Work required: Repeat the listing below verbatim, without its images.

Supplied information:
* * * *
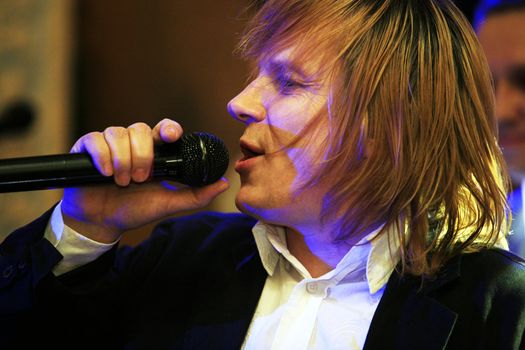 MOSCOW - DEC 25 : Russian singer and musician Victor Saltykov during a show in Moscow in December 25, 2008. 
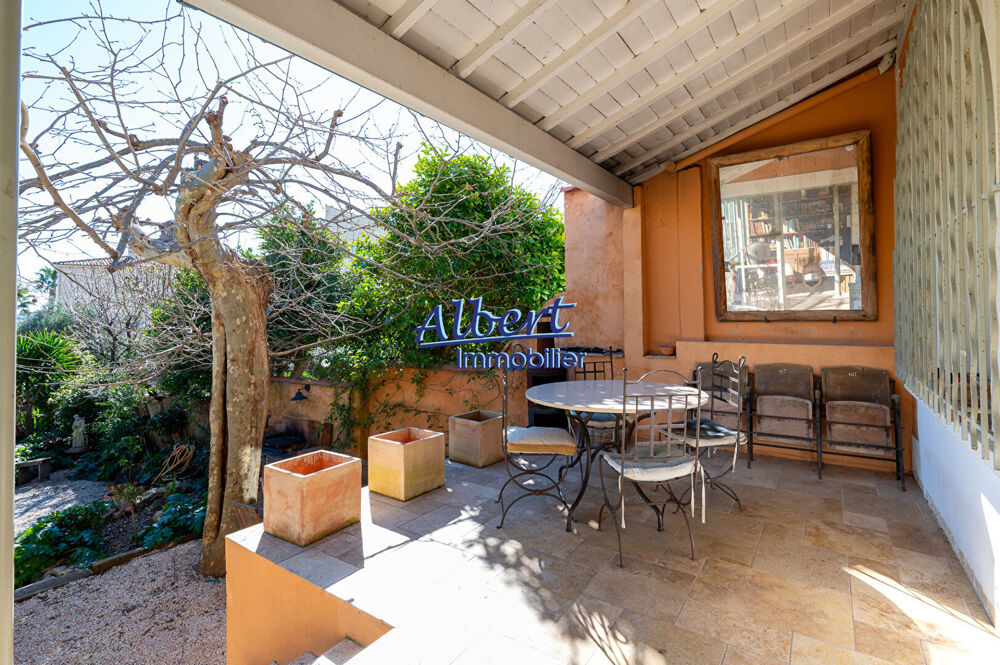 Vente Maison Villa Sanary Sur Mer 8 pièce(s) 131.10 m2 Sanary sur mer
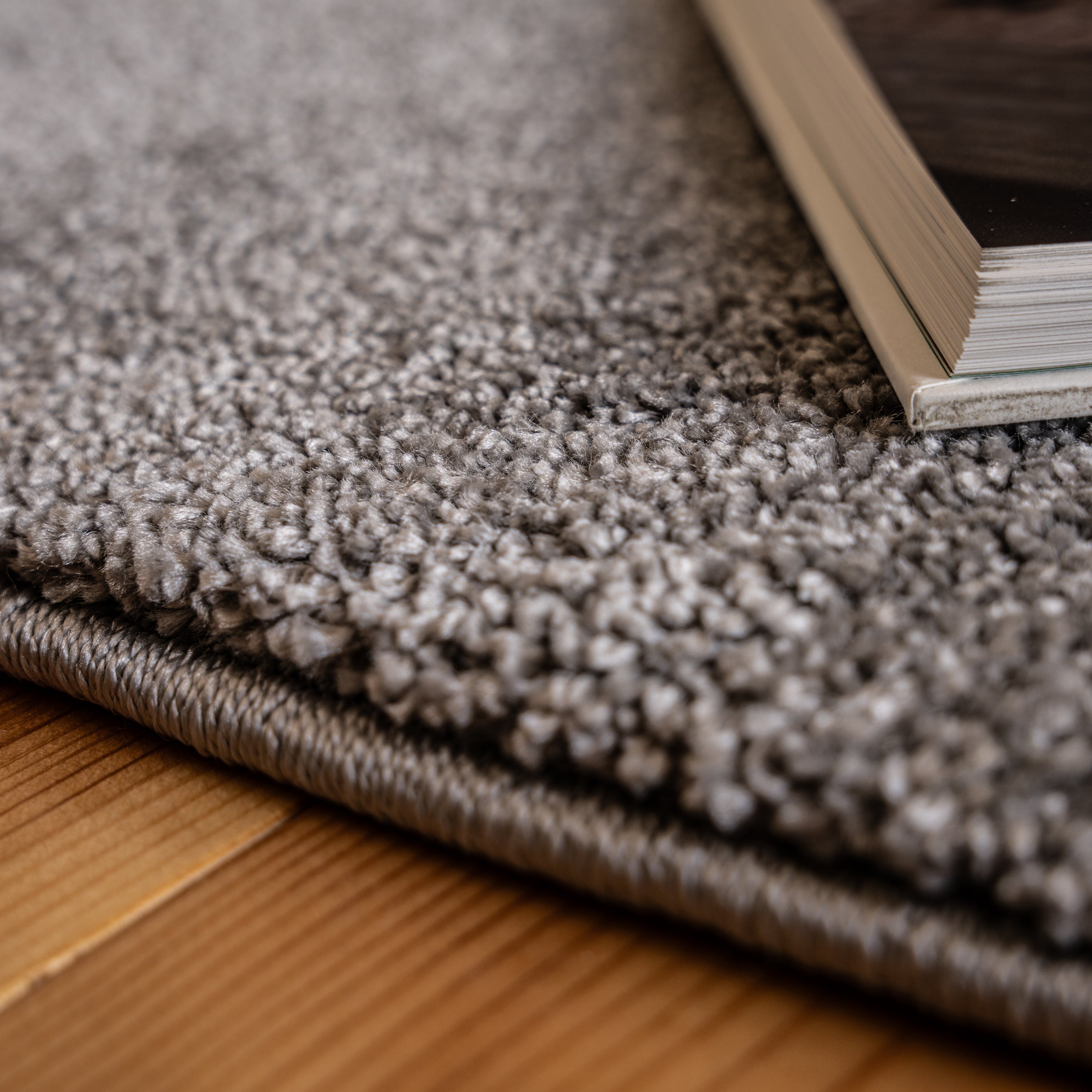 My Canyon 974 blue carpet with 3D effect and fine shine – discover modern elegance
* * * *
Written solution:
 MOSCOW - DEC 25 : Russian singer and musician Victor Saltykov during a show in Moscow in December 25, 2008. 
 Vente Maison Villa Sanary Sur Mer 8 pièce(s) 131.10 m2 Sanary sur mer
 My Canyon 974 blue carpet with 3D effect and fine shine – discover modern elegance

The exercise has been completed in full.